Ashburn, VA (November 19, 2016) – The year was 2007. The Stone Bridge Bulldogs cruised through the season with a 14-1 record and a lopsided 38-0 victory in the Virginia 5A state championship game over Potomac played in UVa’s Scott Stadium.
With Bulldog legends like Patrick and Zach Thompson, the twin sons of Coach Mickey Thompson, Ryan Moody, and, of course, Jeron Gouveia-Winslow, all being key contributors, it is no wonder 2007 delivered the only state title in team history.
“Winning that state championship with everybody, that was a special moment,” Gouveia-Winslow said. “The coolest part about the program at Stone Bridge is you’re with all your best buds and winning state championships.”

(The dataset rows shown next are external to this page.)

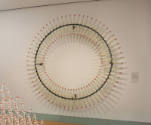 Installation view of Second Lives: Remixing the Ordinary at the Museum of Arts and Design, New …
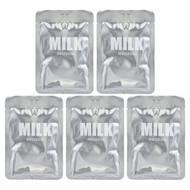 <img alt="Lapcos, Moisturizing Sheet Beauty Mask Set, Milk , 5 Masks, 1.01 fl oz (30 ml) Each" title="Lapcos, Moisturizing Sheet Beauty Mask Set, Milk , 5 Masks, 1.01 fl oz (30 ml) Each,818929020197"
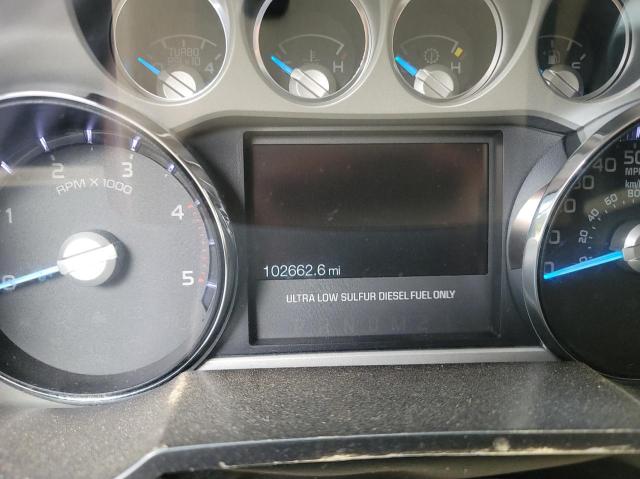Photo 8 from auction – 2011 FORD F450 SUPER with VIN 1FT8W4DT5BEA78292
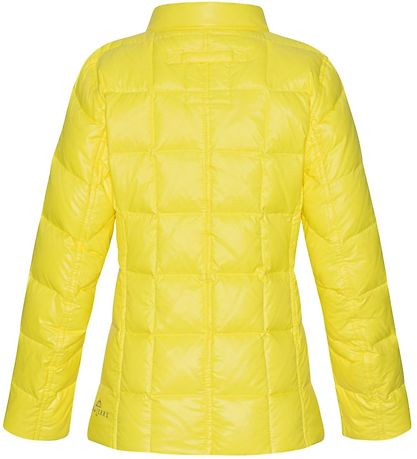 Ver de Terre Down Jacket - Yellow
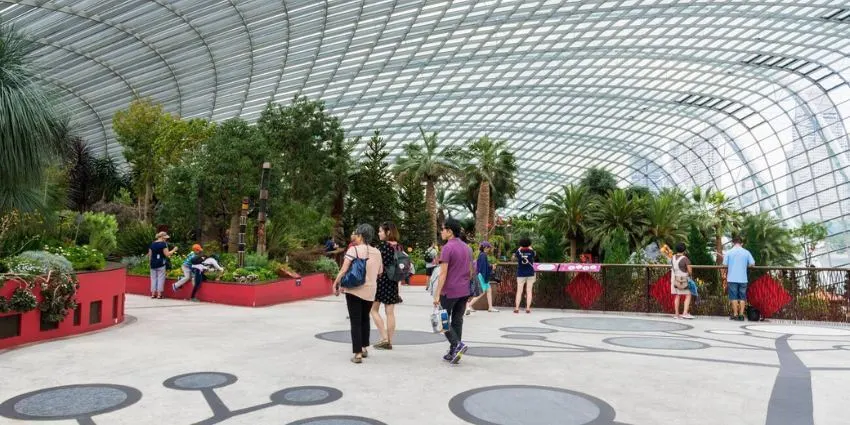 Gardens by The Bay Tickets
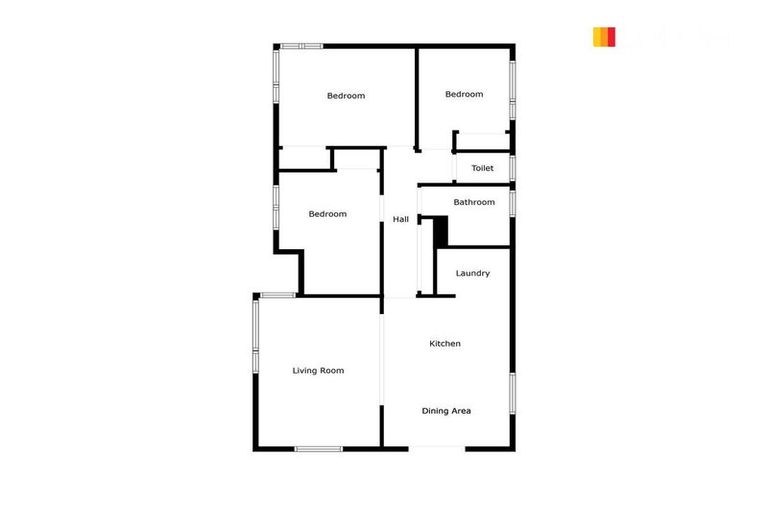 Photo of property in 15 Shipka Street, Abbotsford, Dunedin, 9018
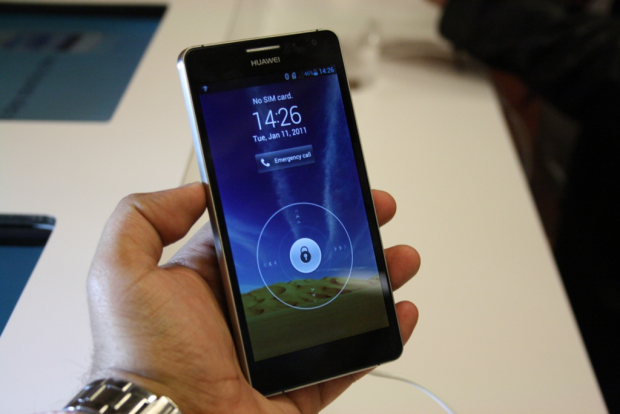 Ascend D2 (Bild: Huawei)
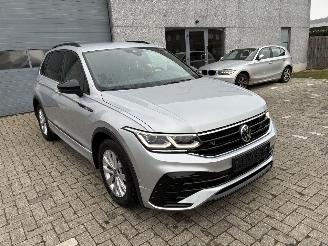 Volkswagen Tiguan Vw Tiguan 2.0d dsg R Line 2020 picture 4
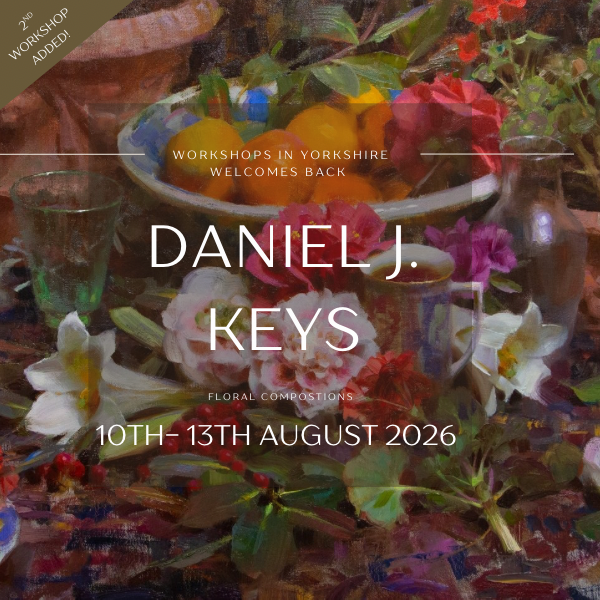 Daniel Keys Week 2 Workshop 2026 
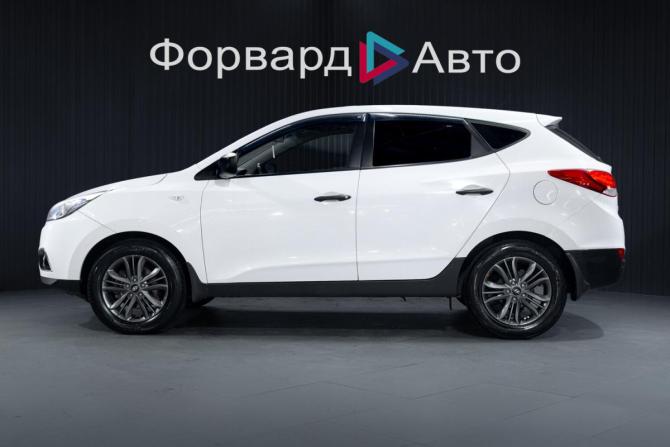 Hyundai ix35 I Рестайлинг с пробегом 2014 года, цена 1 199 000 рублей, 163253 км, внедорожник, Автокод Объявления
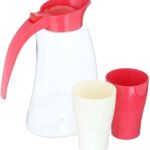 دورق فاميلى مع كوبايات لمسة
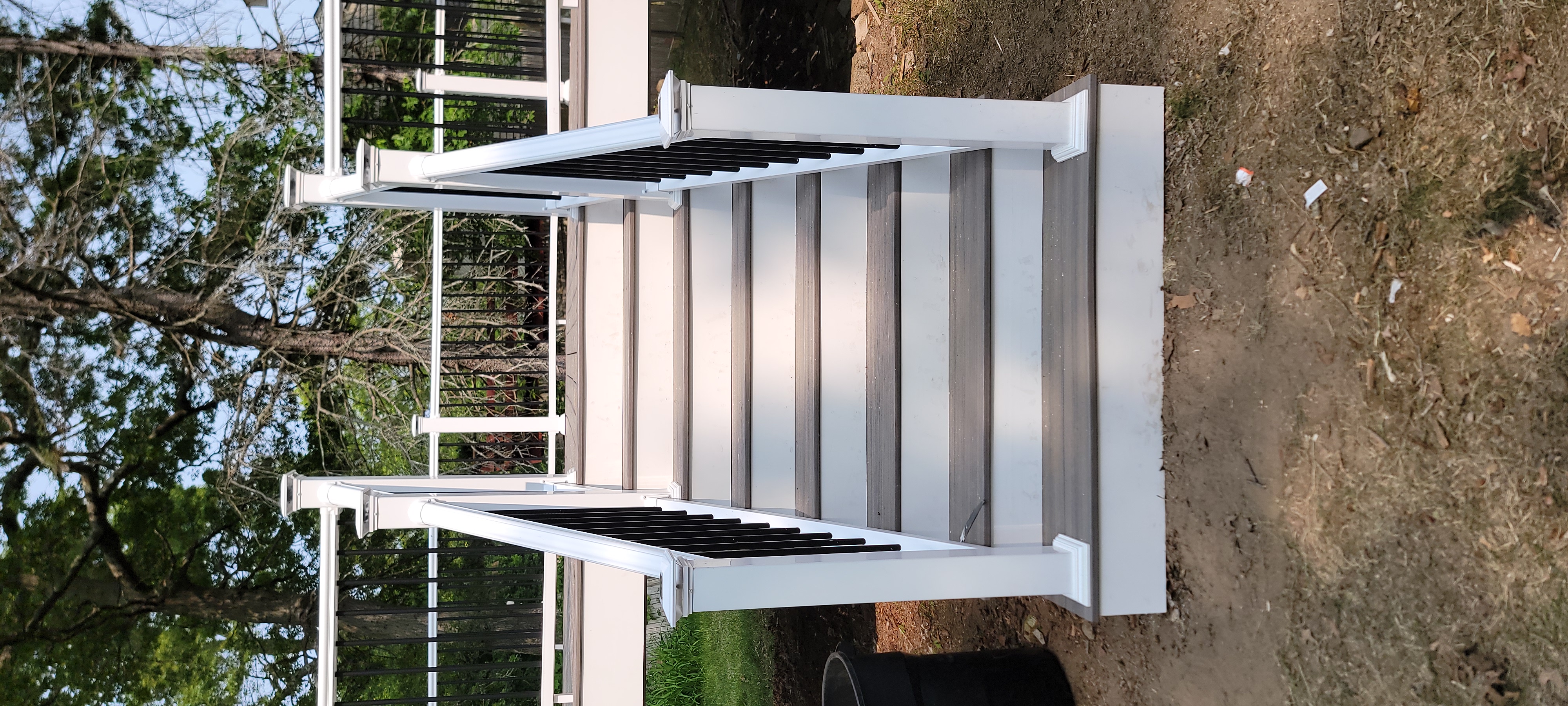 Professional Deck Construction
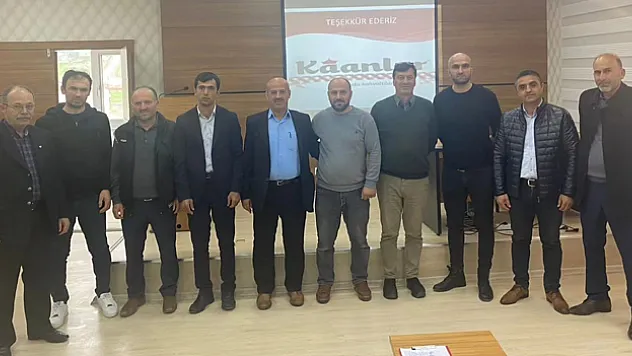 Kavak'ta hayvancılık toplantısı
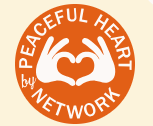 Logo Peaceful Heart Network
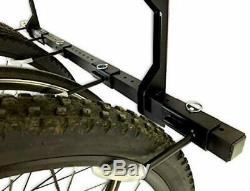 StoreYourBoard Bike Rack + Storage Shelf, Holds 5 Bicycles, Garage Wall Mount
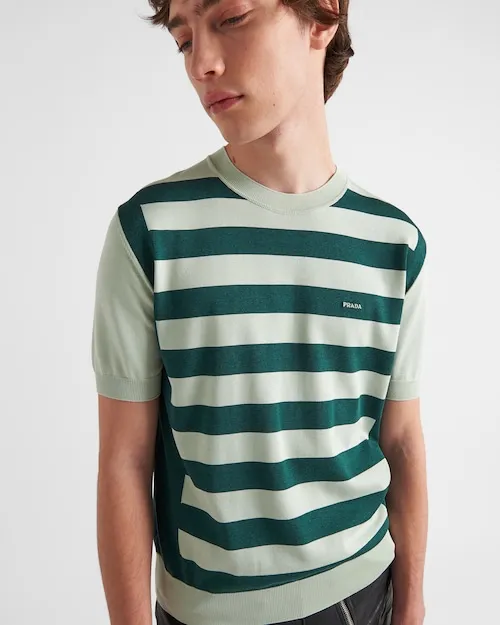 Round Neck Sweater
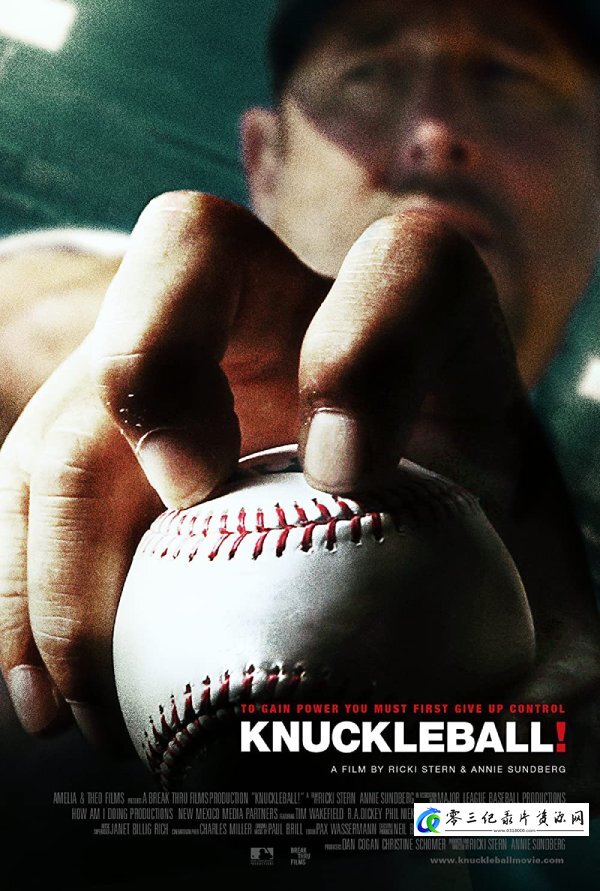 运动纪录片《弹指球 Knuckleball!》下载-零三纪录片资源网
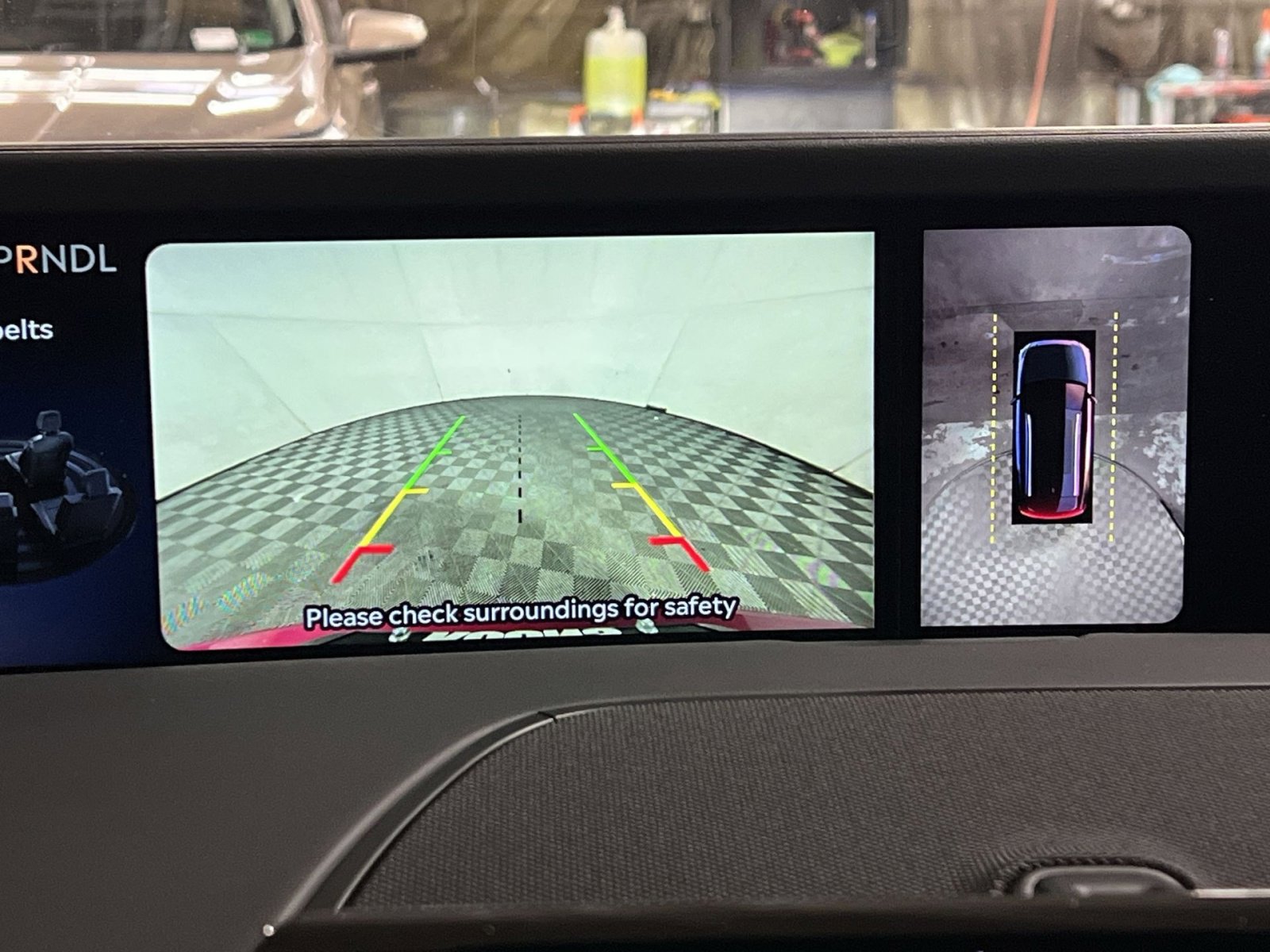 Used 2024 Lincoln Nautilus Reserve image 19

The Bulldogs have returned to the title game several times since, most recently in 2015, but have been unable to repeat the success of that dynamic squad nine years ago.
With all of the talent Coach Thompson has had come through the program dating back to 2000, Stone Bridge’s inaugural season, Gouveia-Winslow is undoubtedly one of the best to don the blue and white.
“There is a lot of pride with SB, a lot of guys are proud to be a part of the program and with Coach Mickey,” he said.
A two-way star for the Bulldogs, Gouveia-Winslow was named the Washington Post All-Met Defensive Player of the Year as a senior in 2007 and went on to play at Virginia Tech as a defensive back, but did much more than just play defense during his prep years.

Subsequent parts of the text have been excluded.